======== INFORMATION PROVIDED
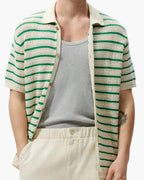 Men's Striped Knit Short Sleeve Shirt with Button Front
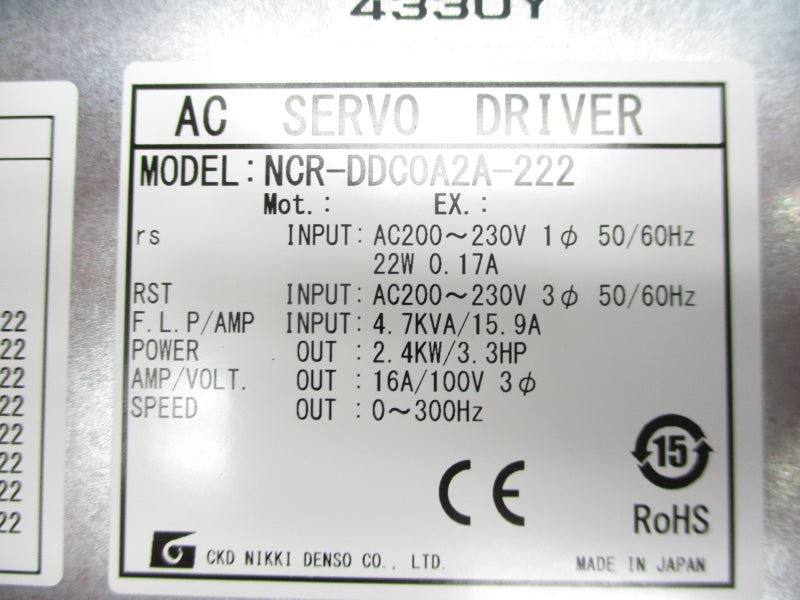 NIKKI DENSO NCR-DDC0A2A-222 200-230VAC 16A NSMP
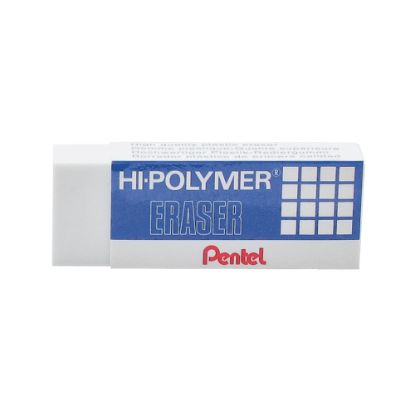 Picture of Pentel Hi-Polymer Eraser - Lead Pencil - Block - Non-abrasive, Latex-free - 0.5in Height x 2.6in Width x 1in Depth - 1Each - White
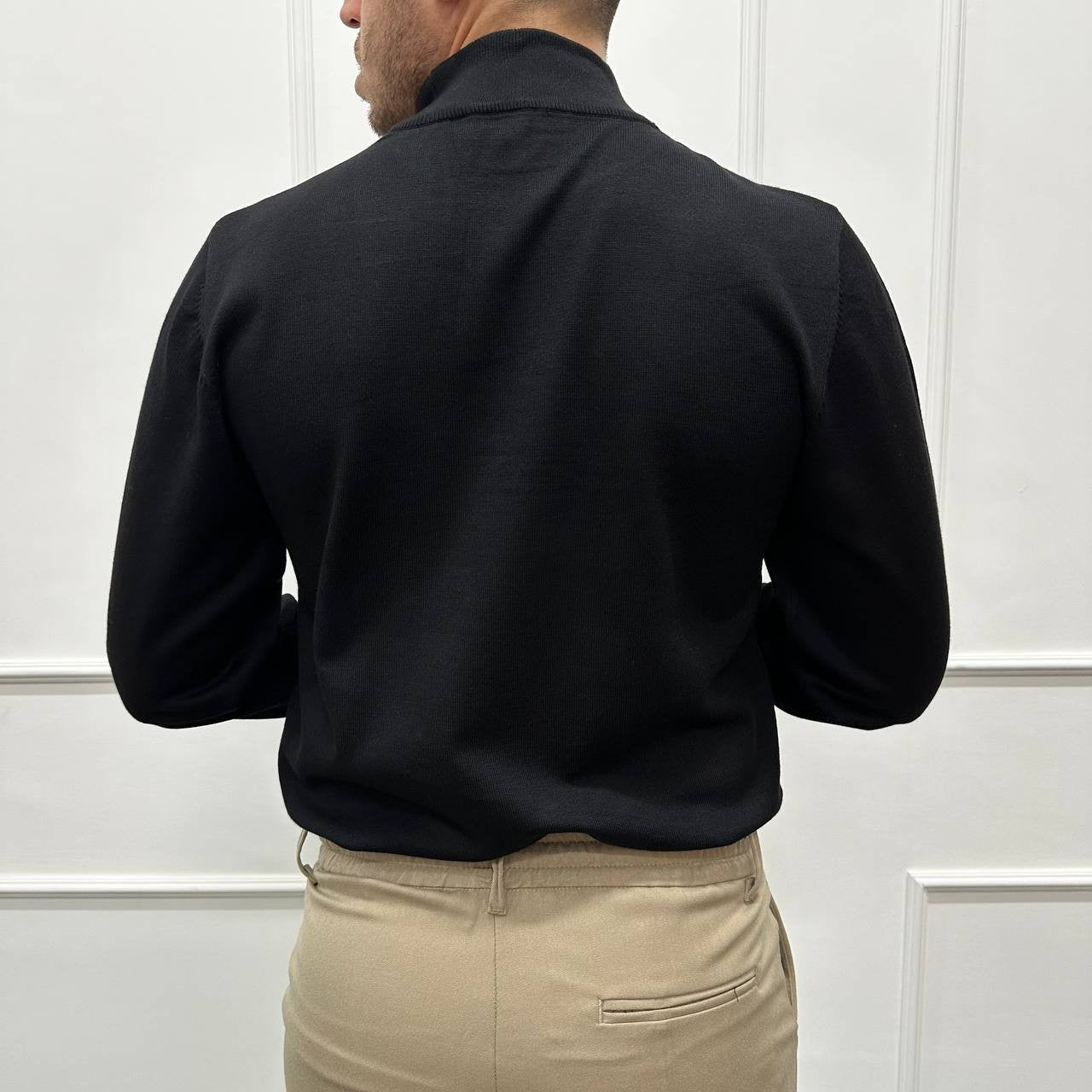 Mezzocollo in cotone caldo nero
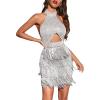 Women’s Backless Cocktail Dress – Flapper 20s Gatsby Fringe Mini Feather Prom Party Dress(A-white)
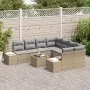 Juego de Sofá de Jardín de 9 Piezas con Cojines Beige Ratán de Polietileno by , Outdoor sofas - Ref: Foro24-3355669, Price: 6...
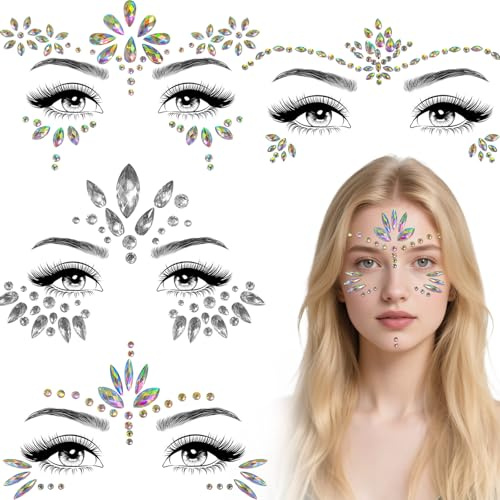 Glitzersteine Selbstklebend Gesicht, 4 Stück Strasssteine Gesicht, Juwelen Kristalle Edelsteine Temporäre Tattoos, Festival Glitzer Gesicht, Klebesteine Gesicht für Karneval Schminke Party Make-up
================
ACTIVITY:
Would you give again exactly the lines from the line containing "NIKKI DENSO NCR-DDC0A2A-222" through the end of the listing, both ends included, without any pictures?

ANSWER SECTION:
 NIKKI DENSO NCR-DDC0A2A-222 200-230VAC 16A NSMP
 Picture of Pentel Hi-Polymer Eraser - Lead Pencil - Block - Non-abrasive, Latex-free - 0.5in Height x 2.6in Width x 1in Depth - 1Each - White
 Mezzocollo in cotone caldo nero
 Women’s Backless Cocktail Dress – Flapper 20s Gatsby Fringe Mini Feather Prom Party Dress(A-white)
 Juego de Sofá de Jardín de 9 Piezas con Cojines Beige Ratán de Polietileno by , Outdoor sofas - Ref: Foro24-3355669, Price: 6...
 Glitzersteine Selbstklebend Gesicht, 4 Stück Strasssteine Gesicht, Juwelen Kristalle Edelsteine Temporäre Tattoos, Festival Glitzer Gesicht, Klebesteine Gesicht für Karneval Schminke Party Make-up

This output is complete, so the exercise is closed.